All the disciples, Peter included, assume that Jesus, whether prophet or Messiah, has come for their own benefit. Going back hundreds of years, this is how God has functioned for Israel, taking their side against their enemies. Leading Israel to victory and others to defeat.

This is when Jesus utters the well-known rebuke of Peter, “Get behind me, Satan! For you are setting your mind not on divine things but on human things.”

Jesus is saying, I am more than just another earthly leader here to reward you and punish those you judge.

So this is the background, preceding Jesus’ trip up the mountain with the disciples, the disciples still misunderstanding who Jesus is, presuming he is another prophet meant to restore the fortunes of Israel, and more specifically of the disciples themselves.

We read, that while on that mountain top, the disciples see two powerful prophets from Israel’s past, Elijah and Moses, alongside Jesus. This seems to confirm the disciples’ understanding that Jesus is simply another great man. In response they suggest making a structure for each. The translation I read uses the word, shelter, but the Common English Bible uses the word shrine. I like this better. Here are three great men, think the disciples, let’s demonstrate our loyalty to each of them by building a monument.

At this point a cloud descends upon all of them, and God’s voice comes from the cloud in much the same way it did when Jesus was baptized, “This is my Son, whom I dearly love, listen to him!” At this the visions of Moses and Elijah disappear, and only Jesus remains.

I suggested that we not get sidetracked trying to figure out what happened and how, instead focusing on the meaning of this story. The meaning is this. Jesus is different. He is not just another prophet, an earthly leader meant to “Make Israel Great Again.” He isn’t even a Messiah in the sense Peter means.

Jesus represents a unique connection to the divine, and we are invited to listen to, follow, and enter into relationship with God through him in a way that is unparalleled in human history.

So where do we find ourselves in this story today?

A recent study out of Stanford revealed that Americans’ strongest sense of attachment, the characteristic most essential to our identity, greater than race, culture or religion, is our affiliation to a political party. Politicians are our modern day prophets. Much like the disciples, we identify most strongly with those earthly leaders who promise to take our side, and we line up against those who take the other side.

Like the disciples, we too put earthly leaders ahead of our identity as followers of Jesus.

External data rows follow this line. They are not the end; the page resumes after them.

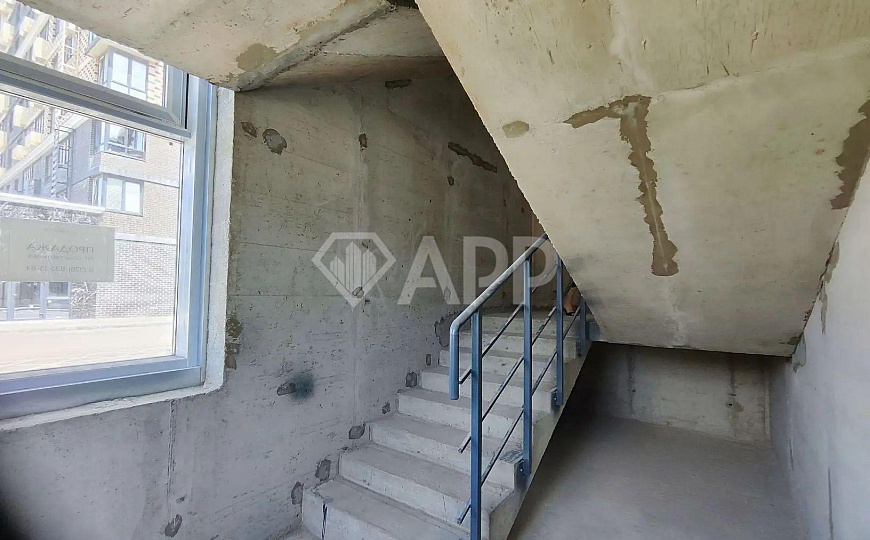 Продаю отдельно стоящее здание, 1 430 м² фото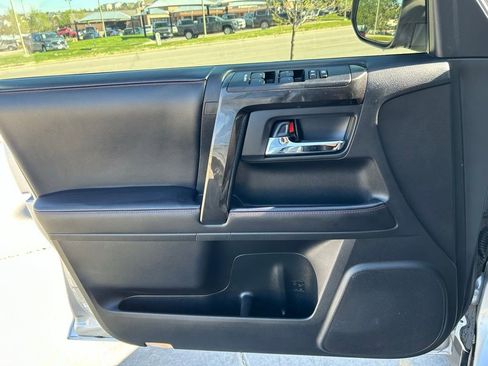 Used 2024 Toyota 4Runner TRD Off-Road Premium AWD/4WD image 9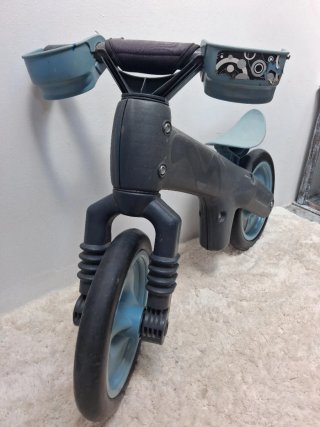 Bicicleta de aprendizaje azul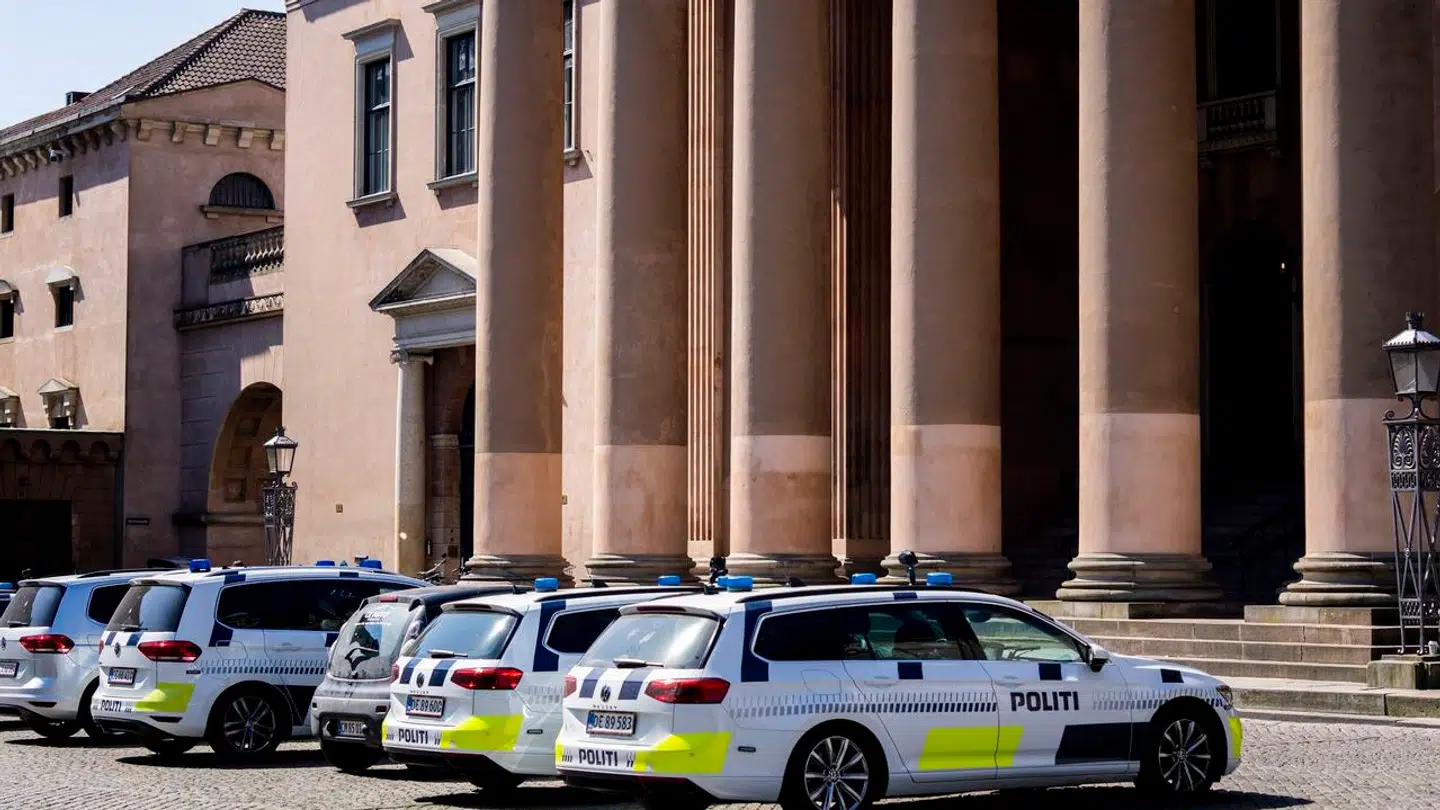 Manden erkender at have del af liga, der indsmuglede 16 kilo kokain og godt et ton hash.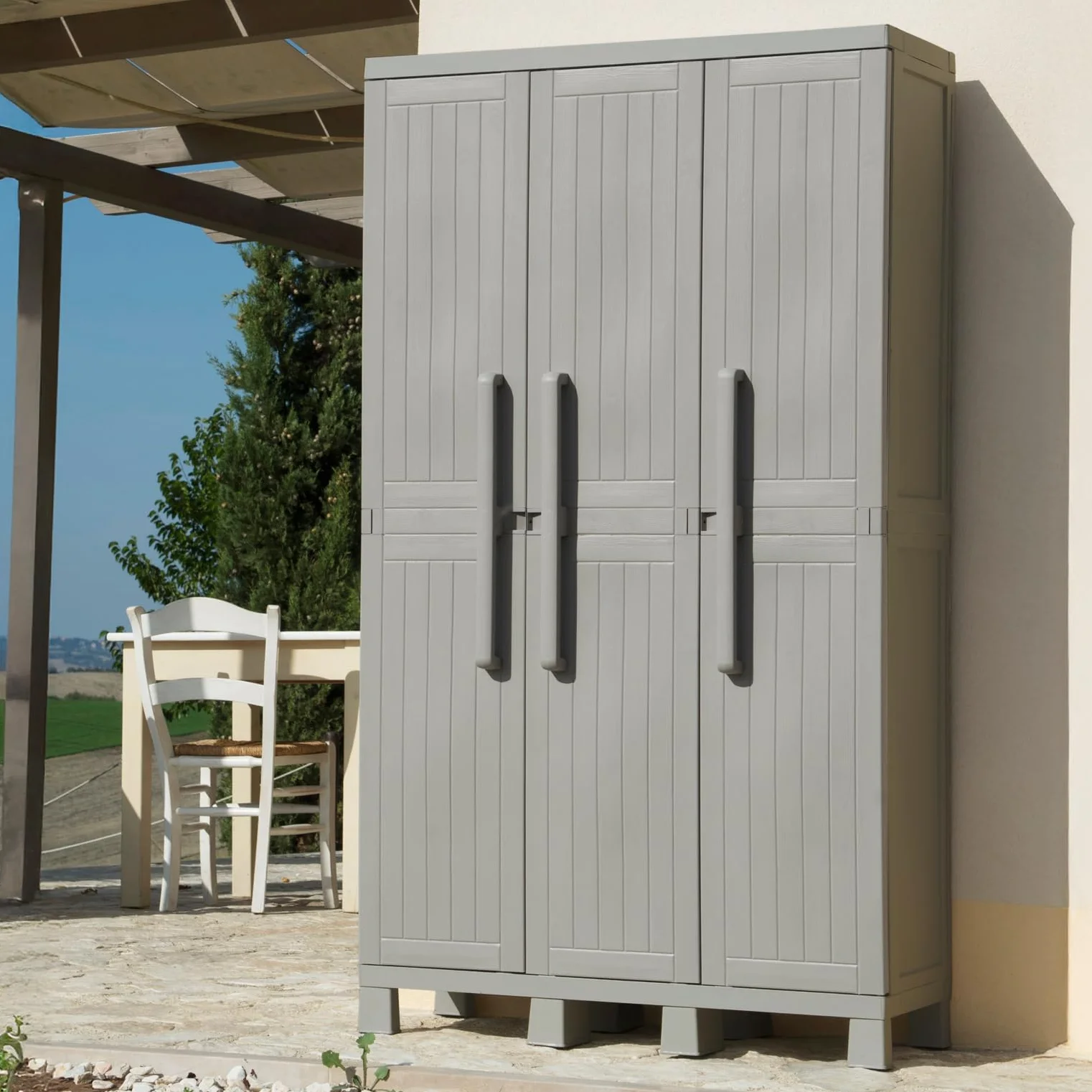 Toomax Armadio Wood Midi 3 ante 4 ripiani regolabili 97x37x173 cm plastica effetto legno grigio tortora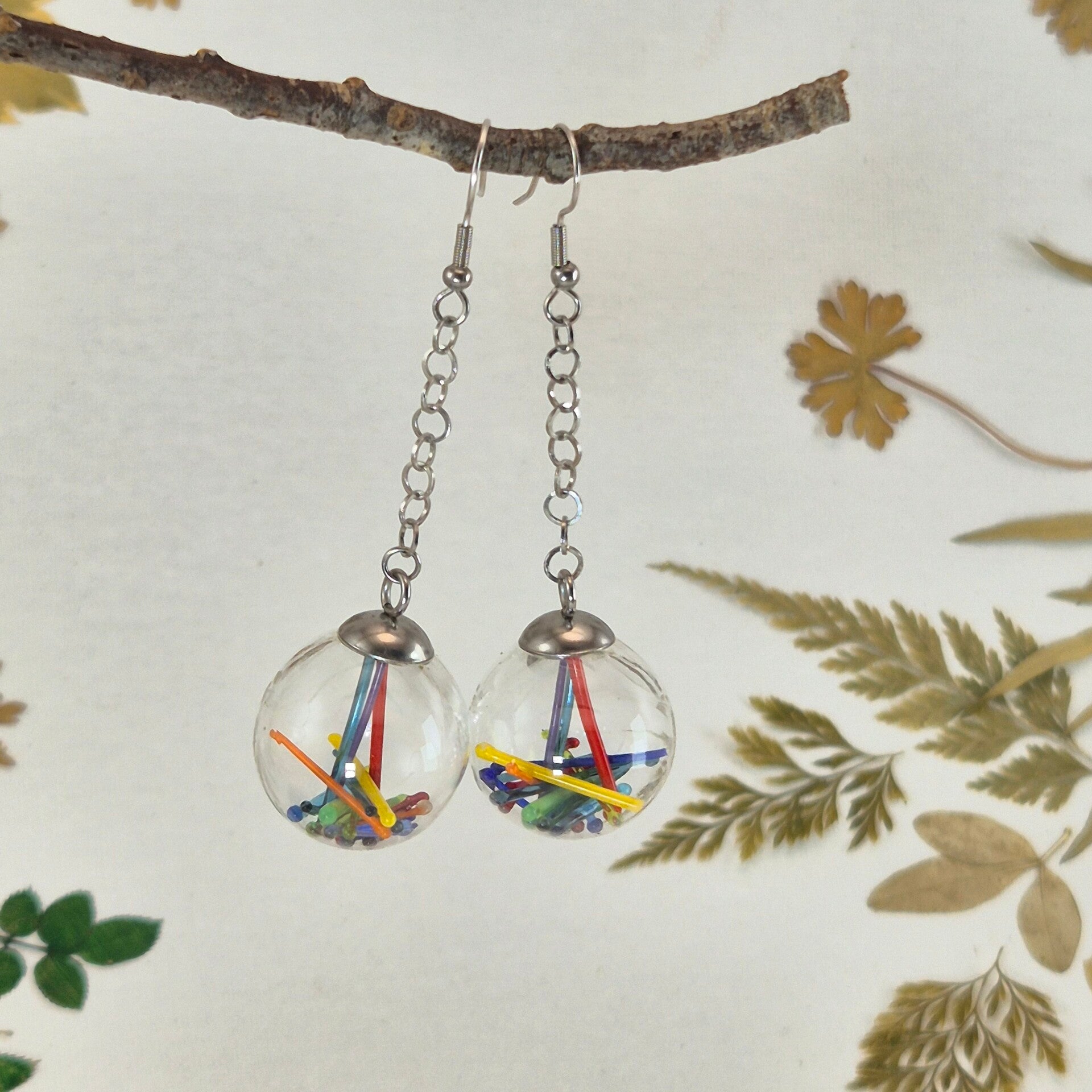 Oorbellen, geblazen bollen, transparant helder glas met mulit-color glasstaafjes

Imagine being on the mountain top with Jesus, who would appear next to our Jesus? Donald Trump and Paul Ryan? Or Barrack Obama and Nancy Pelosi? And what would it say if we were to build a monument to all three, Donald, Paul and Jesus? Or Barrack, Nancy, and Jesus? What would this say about our loyalty, our identity, our attachment? And more importantly, what would it say about our understanding of Jesus?

Like the disciples’ suggestion that they erect monuments for Elijah, Moses, and Jesus, this would make Jesus small. The Transfiguration defies the disciples earthly understanding of Jesus, and, by the way, challenges the notion of many contemporary Christians, of Jesus simply as an example of how to live.

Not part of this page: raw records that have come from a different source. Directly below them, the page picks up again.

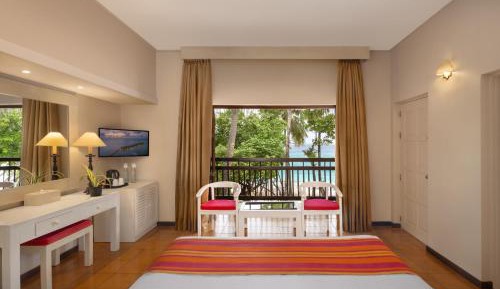 Classic Ocean View Room with USD 50 Spa Credit Per Person | 10% Off on Excursions | FREE One Hour Sunset Photo Cruise for Minimum 3 Night Stays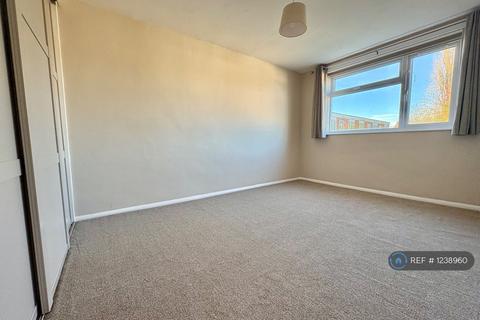 2 bedroom flat to rent, Haig Court, Chelmsford, CM2
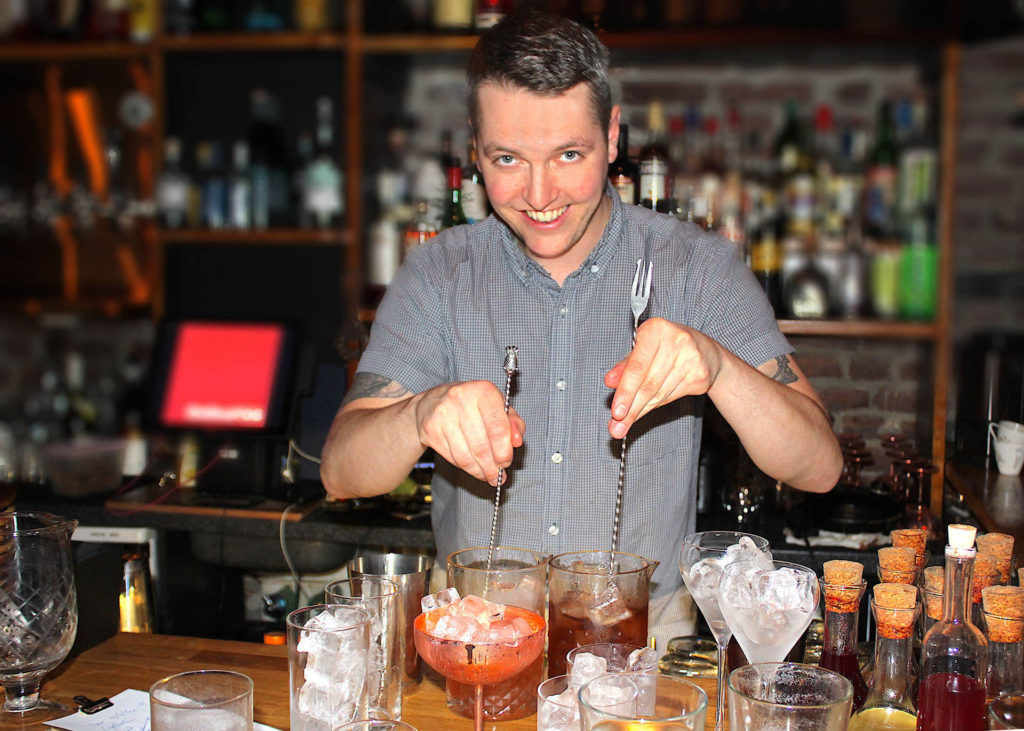 A bartender mixes a cocktail at Lukket Selskap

Do you know the contemporary term, the acronym, GOAT? It stands for Greatest Of All Time, and is used to describe sports stars like Tom Brady. Brady is said by some to be the greatest quarterback of all time, the GOAT. Still, Tom Brady is evaluated as a quarterback compared to other quarterbacks, and many would argue about who deserves this GOAT title.

This is what the Transfiguration is about.

In the Transfiguration we learn that Jesus is not just another earthly leader, not even the GOAT. Jesus provides a unique connection to the divine. Through the Transfiguration of Jesus, God is telling us, your identity is in Jesus, not Trump, not Obama, but in Jesus the Christ.

What would it mean, if when asked if we are a Democrat or Republican, we responded, “I am a Christian.”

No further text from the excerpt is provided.